Dr. George Drake
Dr. George Drake

Founded as a Normal School in 1855, Millersville University has always been recognized for producing high-quality educators. Over the years the University has diversified its program offerings, but education remains a premiere program and students from the local area and beyond continue to select Millersville for their higher education needs.

Dr. George Drake, dean of Education and Human Services, weighs in on the status of the University’s education program, the changing dynamics of students and offers advice to those who dream of becoming teachers.

 

Do you think Millersville’s reputation as a teacher’s college still stands?

I do think it still stands. Millersville was the first Normal School in the commonwealth. It’s part of our DNA, and that’s a large part of why our reputation is still strong. We have many graduates serving as classroom teachers and as school leaders. If you talk to area superintendents, they will say they are very happy to hire MU grads. They agree they’ve been well prepared.

How has enrollment in Millersville’s education programs changed in recent years?

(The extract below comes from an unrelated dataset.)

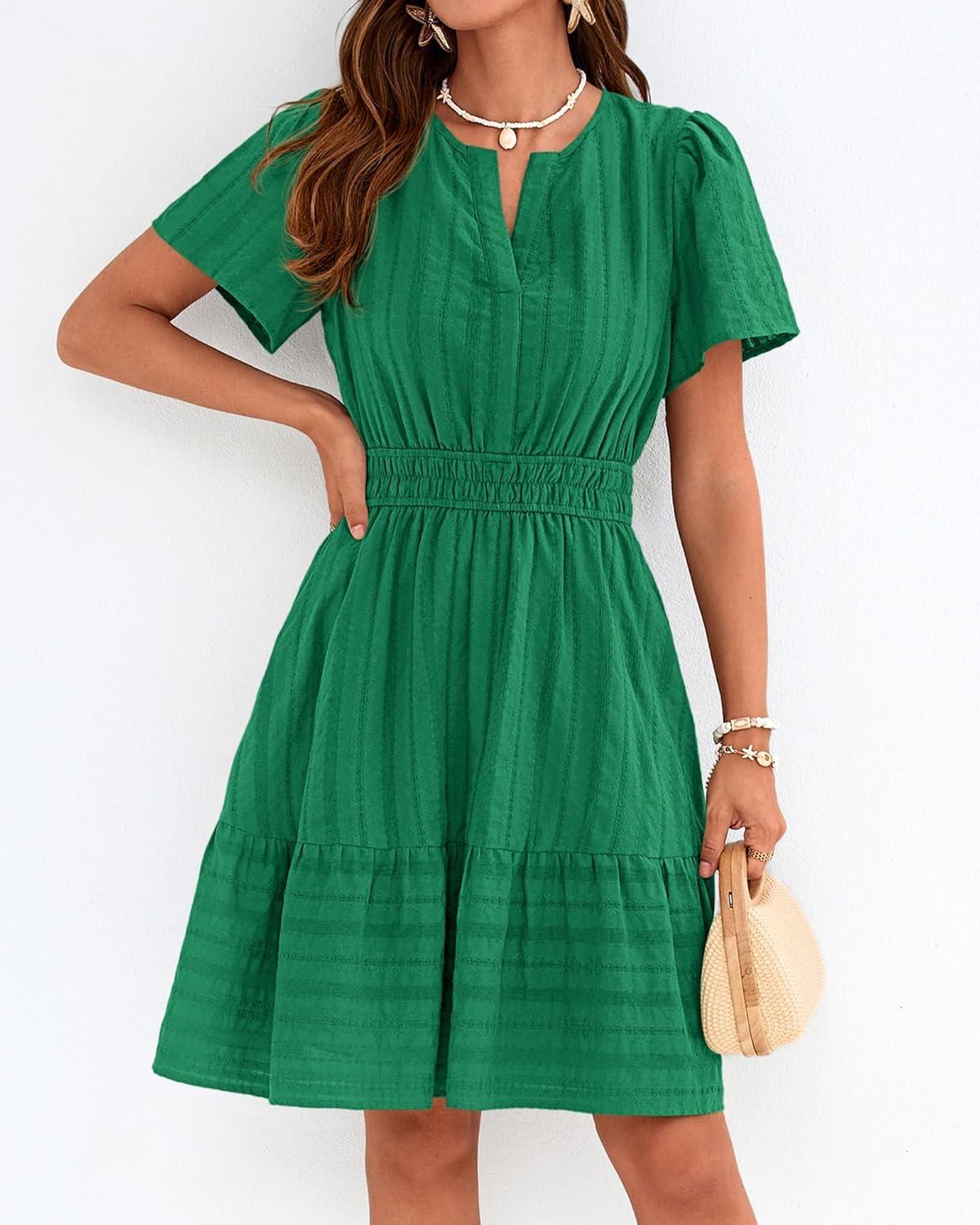 imageBTFBM Womens Spring 2026 Casual Mini Dresses Lightweight Short Sleeve V Neck Elastic Waist Cute Boho Beach Dress PocketsDark Green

There has been a decrease in enrollment, not just at this University, but across the commonwealth. Enrollments are down and certifications are down. Birth rate is also down. That is part of it. Another part is that teaching is not viewed as positively as it once was. A lot of kids today seem to be turned off by the idea of being teachers. Had they been born 20 or 25 years ago, they might be [more willing]. There’s a perception that teachers are poorly paid; if you compare, say, the salary of a chemist versus that of a chemistry teacher. Teaching as a profession has taken a bit of a bad rap in the media, and I think students in high school sense that their teachers are frustrated with things like high stakes testing, paperwork, behavior problems and budget cuts.

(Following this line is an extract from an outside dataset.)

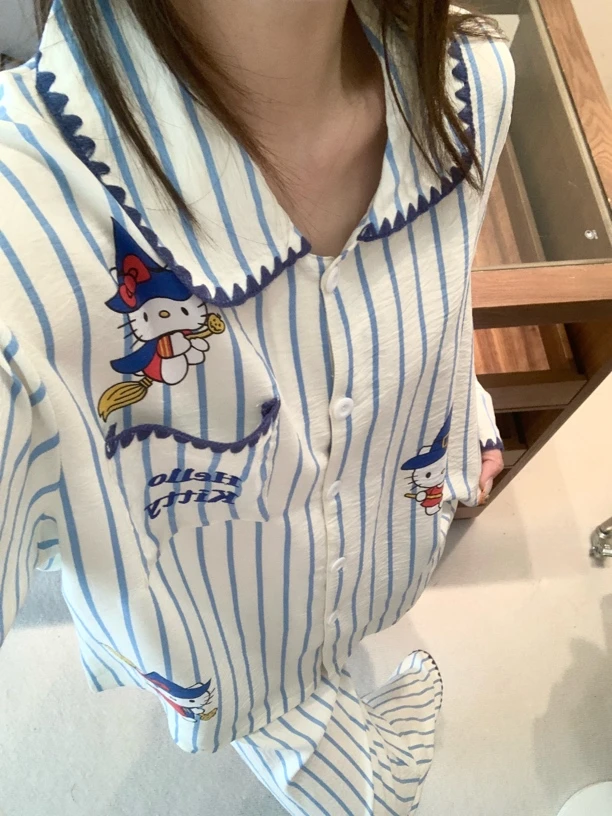 日系Hellokitty凯蒂猫可爱睡衣女带胸垫秋季长袖可外穿家居服套装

Have there been any changes to Millersville’s education program recently?

We are working on a new program…a middle level and special education dual major. That should be on the books next year. This institution has not been preparing candidates with this credential. We are doing it because we hear from principals and superintendents that they need teachers. Parents are disappointed [their children] can’t come here for that program. Students with disabilities in middle school need good teachers too.

Are there any policy changes that affect our education students?

I think the state has started to realize there is a shortage of teachers. Districts are having a harder time finding substitute teachers. Substitute services just don’t have enough teachers to send to districts. To me, the fact that substitute services are having a tough time is an early indicator of a shortage.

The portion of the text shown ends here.